**Task directions**
Give back an exact copy of the lines in the records below, from the line that has "O mireasă a" through the line that has "Naukowcy wymyślili samonawilżające", and nothing besides.

**Material supplied**
:::::
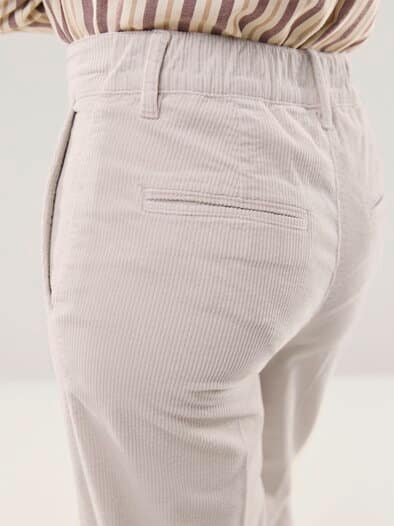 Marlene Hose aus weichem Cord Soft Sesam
:::::
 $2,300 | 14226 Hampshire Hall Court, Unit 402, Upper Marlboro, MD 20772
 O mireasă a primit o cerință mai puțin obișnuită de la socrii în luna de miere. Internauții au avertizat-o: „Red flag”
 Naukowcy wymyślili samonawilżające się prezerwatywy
:::::
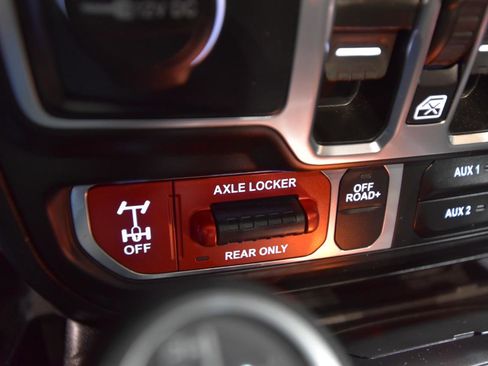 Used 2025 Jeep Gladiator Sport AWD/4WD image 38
:::::
**Completed task**
 O mireasă a primit o cerință mai puțin obișnuită de la socrii în luna de miere. Internauții au avertizat-o: „Red flag”
 Naukowcy wymyślili samonawilżające się prezerwatywy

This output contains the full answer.